We hear that kids come with lots of stuff. LOTS and LOTS of stuff.
Ideally, we should have somewhere to put said stuff. Or, most of it anyway.
So, with the goal of having places to put kid stuff in mind, I recently executed a makeover of our two spare closets.
The first closet is the one in my office, which will (hopefully soon) become a child’s room. Here is a before shot:
That’s a few purses/bags, a bridesmaid dress from five years ago, a fireproof safe, water for my iron, my law school graduation gown, an accordion file holding manuals to all sorts of household items, landscape plans, a yarn swift, my old laptop, and other random stuff.

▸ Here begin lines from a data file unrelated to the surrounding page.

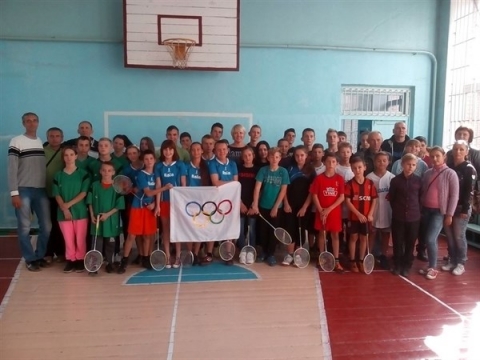 В Донецкой области прошел турнир по бадминтону среди детей-сирот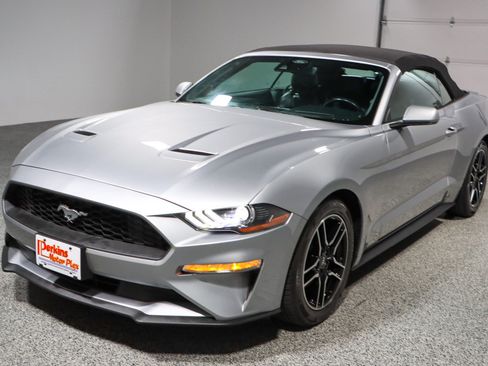 Used 2022 Ford Mustang Premium RWD image 29
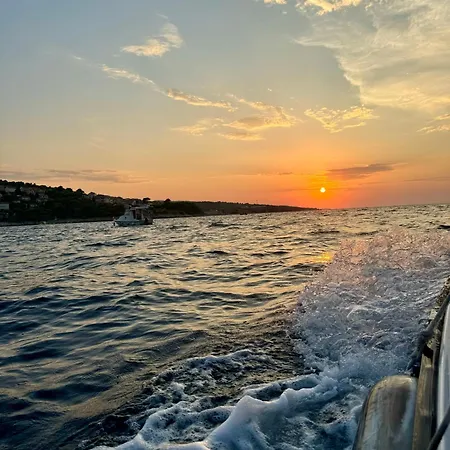 Avorio, Brac شقة *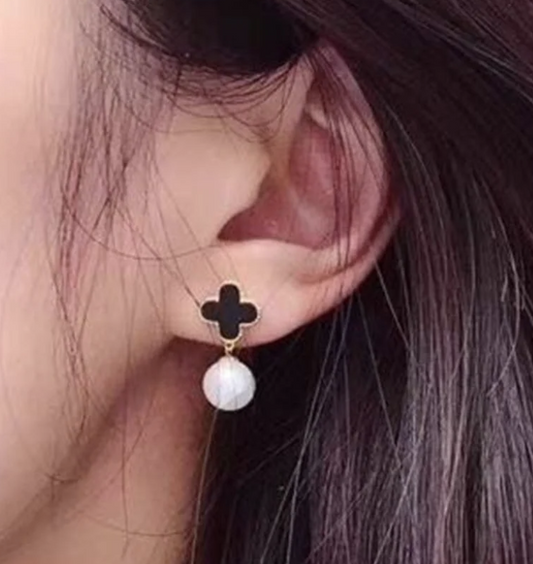 NOIR CLOVER PEARL STUDS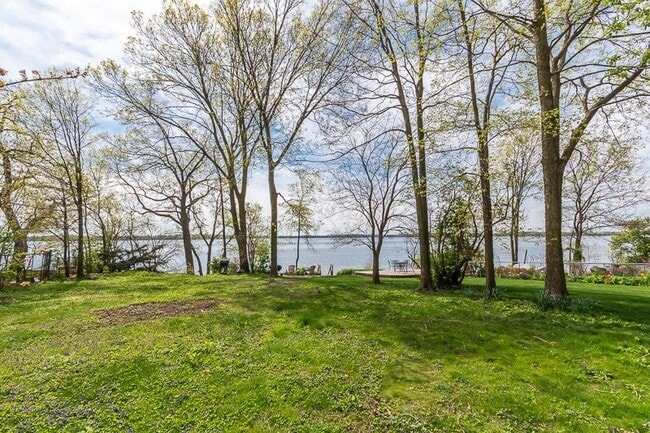 Photo - 933 Spaight St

And here’s the closet in our guest room, which includes comforters, pillows, table leaves, a small rocking chair that was mine as a child, and bins of memorabilia:
Neither of the closets were set up to be fully functional in a way that we’ll need them to be, and they were both holding a bunch of stuff that I needed to either get rid of or find real storage space for. So, a couple of weeks ago I emptied both closets, removed the rods and shelves, patched holes, painted the interior of the closets, and visited one of my favorite stores to get some help with designing new, efficient closet spaces.
Here are the results:
Closet #1, fit for a toddler. I must say it was an interesting experience figuring this closet out. The designer asked me simple questions like: How old is your child? Umm, I don’t know. How many clothes does he or she have? Yeah, none? What other things will you need to store in the closet? Sorry, I have no idea. Thankfully the man helping me was very kind and had a 3-year-old daughter, so he was able to help me figure some things out. And he was also very appropriate in not asking me a lot of questions – like I think many would – when I explained we were adopting. I really appreciated that. As much as I don’t mind talking about it, I don’t need to give an entire history of our process to the closet designer, you know?
By the way, what you see in that closet is the sum total of everything we have for a child, except for the rocking chair and an old trunk/chest of mine from my childhood that I’m thinking about cleaning up in some way to make it work in a child’s room again. I’m still not ready to start acquiring things, but it was a little shocking to see just that handful of items and realize that we are going to need a lot more! Otherwise, look at all of that wasted, precious storage space!
And this is closet #2, in our guest room. I wanted this closet to function in two ways: first, to give us some storage space on the top for bulky things like pillows and comforters, and also to have a shelf for my yarn stash (which will need to be relocated (and perhaps, dare I say publicly, minimized?) from my office when the time comes); and second, to provide space for guests to hang and fold clothes and other items. When we empty out my office, my desk will need to go into our guest room, which means we will no longer have space for a dresser. Since I hear grandparents like to visit grandchildren, I wanted to make sure there was space so that someone visiting for several days could unpack and get somewhat settled in. So there’s the hanging rod and also the stacking set of drawer-like bins.
I’m pretty happy with the way both closets worked out. I have a bunch of things I need to donate to charity, and I need to get a few things squared away in other locations in the house, but in the end I think they’ll both work for what we need. And the joy of these particular systems is that if they don’t work, we can totally change them up, move pieces around, and get new pieces if necessary, since the systems are interchangeable.
By the way, I love the tagline this company uses for their systems:
Happiness is an organized closet. I fully agree!